→ **PROBLEM STATEMENT**: Write out exactly, excluding pictures, the lines from the one containing "巻き爪矯正院 みのわ整骨院詳細写真2" through the end of the data, both included.
---- DATASET SECTION
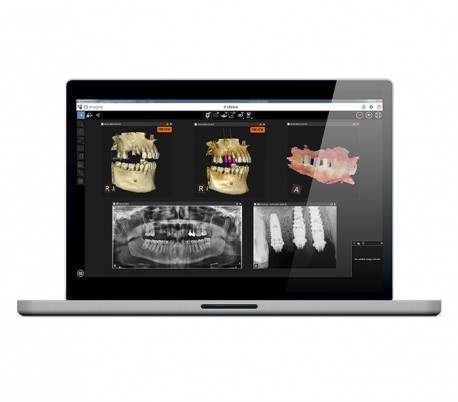 سی تی اسکن دندان (CBCT) مدل Carestream - CS8100 EVO 3D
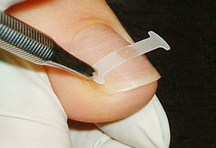 巻き爪矯正院 みのわ整骨院詳細写真2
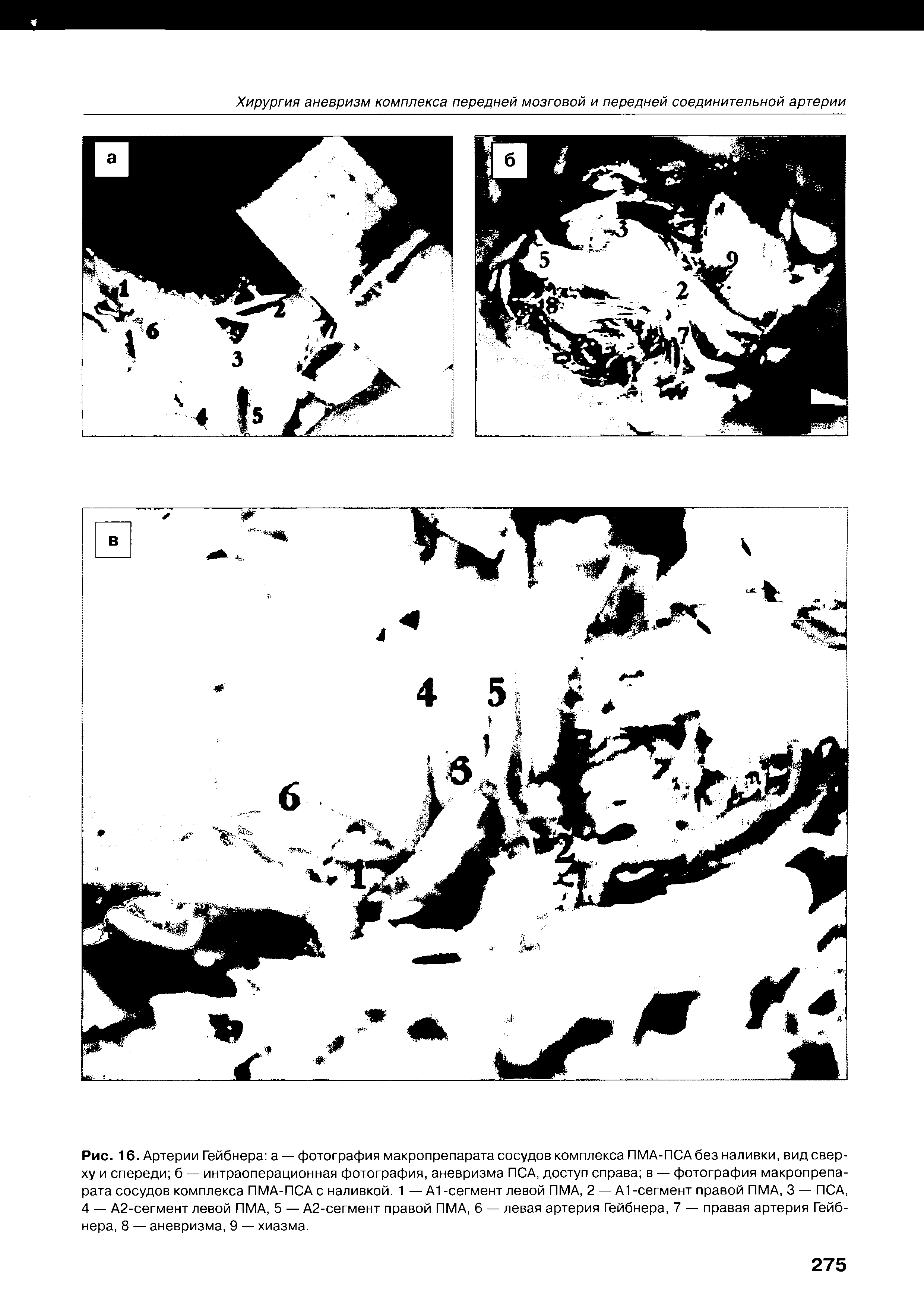 Рис. 16. Артерии Гейбнера а — фотография макропрепарата сосудов комплекса ПМА-ПСАбез наливки, вид сверху и спереди б — интраоперационная фотография, аневризма ПСА, доступ справа в — фотография макропрепарата сосудов комплекса ПМА-ПСА с наливкой. 1 — А1 -сегмент левой ПМА, 2 — А1 -сегмент правой ПМА, 3 — ПСА, 4 — А2-сегмент левой ПМА, 5 — А2-сегмент правой ПМА, 6 — левая артерия Гейбнера, 7 — правая артерия Гейбнера, 8 — аневризма, 9 — хиазма.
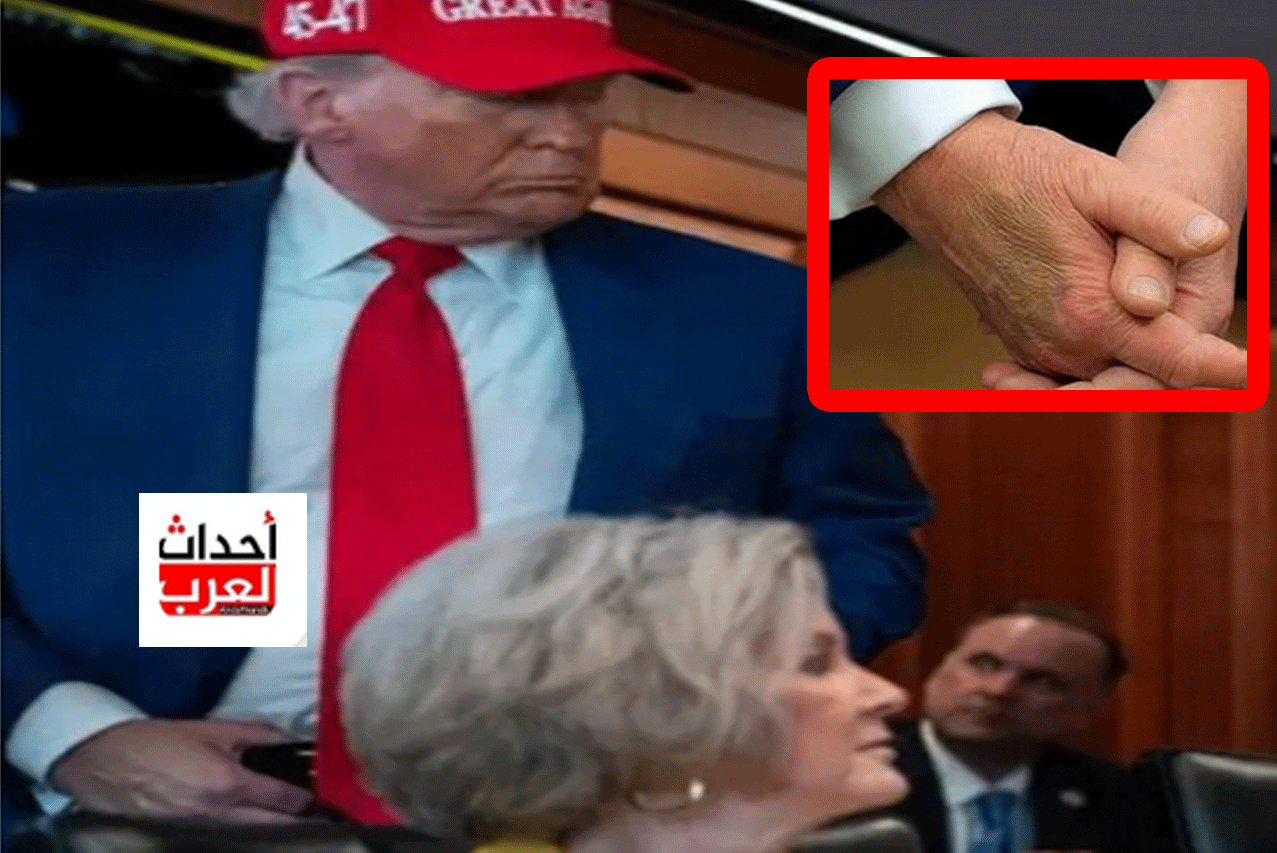 سر الكدمة التي ظهرت في يد ترامب.. ومدى خطورتها الصحية عليه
--------
→ **RESPONSE**:
 巻き爪矯正院 みのわ整骨院詳細写真2
 Рис. 16. Артерии Гейбнера а — фотография макропрепарата сосудов комплекса ПМА-ПСАбез наливки, вид сверху и спереди б — интраоперационная фотография, аневризма ПСА, доступ справа в — фотография макропрепарата сосудов комплекса ПМА-ПСА с наливкой. 1 — А1 -сегмент левой ПМА, 2 — А1 -сегмент правой ПМА, 3 — ПСА, 4 — А2-сегмент левой ПМА, 5 — А2-сегмент правой ПМА, 6 — левая артерия Гейбнера, 7 — правая артерия Гейбнера, 8 — аневризма, 9 — хиазма.
 سر الكدمة التي ظهرت في يد ترامب.. ومدى خطورتها الصحية عليه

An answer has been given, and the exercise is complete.